**Task requirements**
Each line from the one containing "Apartment With Veranda" through the last line of the entries below is to be transcribed exactly. Nothing else belongs in the reply.

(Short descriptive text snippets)
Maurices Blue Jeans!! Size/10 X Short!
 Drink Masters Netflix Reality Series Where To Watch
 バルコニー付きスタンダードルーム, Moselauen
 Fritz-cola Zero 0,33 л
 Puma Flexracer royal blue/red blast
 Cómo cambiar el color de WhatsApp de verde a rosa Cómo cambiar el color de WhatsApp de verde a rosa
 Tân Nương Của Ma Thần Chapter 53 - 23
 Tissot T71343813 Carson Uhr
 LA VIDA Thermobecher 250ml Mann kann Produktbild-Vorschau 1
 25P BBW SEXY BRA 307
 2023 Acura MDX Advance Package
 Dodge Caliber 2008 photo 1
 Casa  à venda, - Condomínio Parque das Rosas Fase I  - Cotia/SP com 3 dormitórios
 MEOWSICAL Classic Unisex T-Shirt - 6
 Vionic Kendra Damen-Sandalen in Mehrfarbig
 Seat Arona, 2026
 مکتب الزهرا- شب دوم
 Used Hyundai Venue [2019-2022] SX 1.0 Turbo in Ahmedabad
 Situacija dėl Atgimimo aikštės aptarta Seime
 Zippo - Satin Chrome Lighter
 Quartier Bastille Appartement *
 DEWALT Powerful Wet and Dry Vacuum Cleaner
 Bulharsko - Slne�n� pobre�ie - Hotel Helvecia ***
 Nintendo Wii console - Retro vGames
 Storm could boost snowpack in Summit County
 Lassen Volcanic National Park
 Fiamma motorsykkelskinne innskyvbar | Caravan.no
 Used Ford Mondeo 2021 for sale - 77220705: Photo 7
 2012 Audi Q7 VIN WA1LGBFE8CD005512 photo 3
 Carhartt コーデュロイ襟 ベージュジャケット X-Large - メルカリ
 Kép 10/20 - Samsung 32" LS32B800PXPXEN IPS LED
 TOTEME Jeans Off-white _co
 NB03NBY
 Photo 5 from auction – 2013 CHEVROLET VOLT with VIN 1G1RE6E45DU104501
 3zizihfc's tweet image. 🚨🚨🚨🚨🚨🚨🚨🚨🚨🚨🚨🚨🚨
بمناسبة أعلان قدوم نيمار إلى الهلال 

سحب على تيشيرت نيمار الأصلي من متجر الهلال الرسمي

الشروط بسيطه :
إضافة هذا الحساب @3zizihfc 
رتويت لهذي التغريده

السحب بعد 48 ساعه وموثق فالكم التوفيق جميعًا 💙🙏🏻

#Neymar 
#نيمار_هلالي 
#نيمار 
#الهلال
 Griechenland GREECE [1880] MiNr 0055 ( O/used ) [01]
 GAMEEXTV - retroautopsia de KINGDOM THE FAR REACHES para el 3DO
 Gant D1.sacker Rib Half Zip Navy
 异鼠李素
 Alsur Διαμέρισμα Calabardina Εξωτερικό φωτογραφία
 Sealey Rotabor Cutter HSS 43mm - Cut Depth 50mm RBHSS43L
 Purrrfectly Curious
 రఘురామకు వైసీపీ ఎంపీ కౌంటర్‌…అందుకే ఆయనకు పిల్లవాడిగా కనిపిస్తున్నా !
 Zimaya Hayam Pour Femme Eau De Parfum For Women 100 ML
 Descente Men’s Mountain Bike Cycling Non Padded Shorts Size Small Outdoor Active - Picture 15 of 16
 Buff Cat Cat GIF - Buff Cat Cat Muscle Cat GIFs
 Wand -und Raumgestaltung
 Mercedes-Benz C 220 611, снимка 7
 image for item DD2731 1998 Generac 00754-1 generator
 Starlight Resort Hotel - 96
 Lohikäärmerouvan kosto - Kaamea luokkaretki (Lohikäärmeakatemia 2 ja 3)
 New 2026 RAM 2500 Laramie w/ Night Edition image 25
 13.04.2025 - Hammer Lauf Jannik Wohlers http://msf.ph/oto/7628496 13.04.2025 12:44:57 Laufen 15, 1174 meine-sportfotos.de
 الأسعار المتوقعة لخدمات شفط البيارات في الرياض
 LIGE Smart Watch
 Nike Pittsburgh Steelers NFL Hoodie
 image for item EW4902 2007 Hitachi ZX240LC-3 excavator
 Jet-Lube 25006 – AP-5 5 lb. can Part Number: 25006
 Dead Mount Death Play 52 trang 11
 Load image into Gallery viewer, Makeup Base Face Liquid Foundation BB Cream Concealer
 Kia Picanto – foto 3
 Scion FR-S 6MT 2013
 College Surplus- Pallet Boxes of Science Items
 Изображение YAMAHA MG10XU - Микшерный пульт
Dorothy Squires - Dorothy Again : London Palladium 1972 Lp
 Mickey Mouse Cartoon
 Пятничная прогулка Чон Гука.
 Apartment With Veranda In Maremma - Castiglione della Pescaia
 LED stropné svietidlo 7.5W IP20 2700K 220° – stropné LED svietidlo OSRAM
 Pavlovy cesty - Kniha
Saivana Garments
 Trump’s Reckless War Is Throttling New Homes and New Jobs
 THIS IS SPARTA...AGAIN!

**Answer box**
 Apartment With Veranda In Maremma - Castiglione della Pescaia
 LED stropné svietidlo 7.5W IP20 2700K 220° – stropné LED svietidlo OSRAM
 Pavlovy cesty - Kniha
Saivana Garments
 Trump’s Reckless War Is Throttling New Homes and New Jobs
 THIS IS SPARTA...AGAIN!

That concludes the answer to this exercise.